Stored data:
================

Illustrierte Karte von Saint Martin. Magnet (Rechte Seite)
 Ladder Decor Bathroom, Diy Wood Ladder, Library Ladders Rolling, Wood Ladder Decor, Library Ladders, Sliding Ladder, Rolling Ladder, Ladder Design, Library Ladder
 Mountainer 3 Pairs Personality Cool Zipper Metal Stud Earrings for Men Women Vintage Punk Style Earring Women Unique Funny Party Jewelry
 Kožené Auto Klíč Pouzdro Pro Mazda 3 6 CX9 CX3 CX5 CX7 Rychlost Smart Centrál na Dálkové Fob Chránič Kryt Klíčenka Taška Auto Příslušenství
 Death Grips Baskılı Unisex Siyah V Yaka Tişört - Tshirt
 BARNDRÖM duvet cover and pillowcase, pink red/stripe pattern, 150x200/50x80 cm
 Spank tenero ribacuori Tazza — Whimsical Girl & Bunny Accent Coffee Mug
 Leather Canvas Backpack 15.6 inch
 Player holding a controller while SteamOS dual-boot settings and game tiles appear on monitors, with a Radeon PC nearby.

================

> _Exercise prompt_
From start to finish, retype the records above with complete accuracy.

> _Your response_
Illustrierte Karte von Saint Martin. Magnet (Rechte Seite)
 Ladder Decor Bathroom, Diy Wood Ladder, Library Ladders Rolling, Wood Ladder Decor, Library Ladders, Sliding Ladder, Rolling Ladder, Ladder Design, Library Ladder
 Mountainer 3 Pairs Personality Cool Zipper Metal Stud Earrings for Men Women Vintage Punk Style Earring Women Unique Funny Party Jewelry
 Kožené Auto Klíč Pouzdro Pro Mazda 3 6 CX9 CX3 CX5 CX7 Rychlost Smart Centrál na Dálkové Fob Chránič Kryt Klíčenka Taška Auto Příslušenství
 Death Grips Baskılı Unisex Siyah V Yaka Tişört - Tshirt
 BARNDRÖM duvet cover and pillowcase, pink red/stripe pattern, 150x200/50x80 cm
 Spank tenero ribacuori Tazza — Whimsical Girl & Bunny Accent Coffee Mug
 Leather Canvas Backpack 15.6 inch
 Player holding a controller while SteamOS dual-boot settings and game tiles appear on monitors, with a Radeon PC nearby.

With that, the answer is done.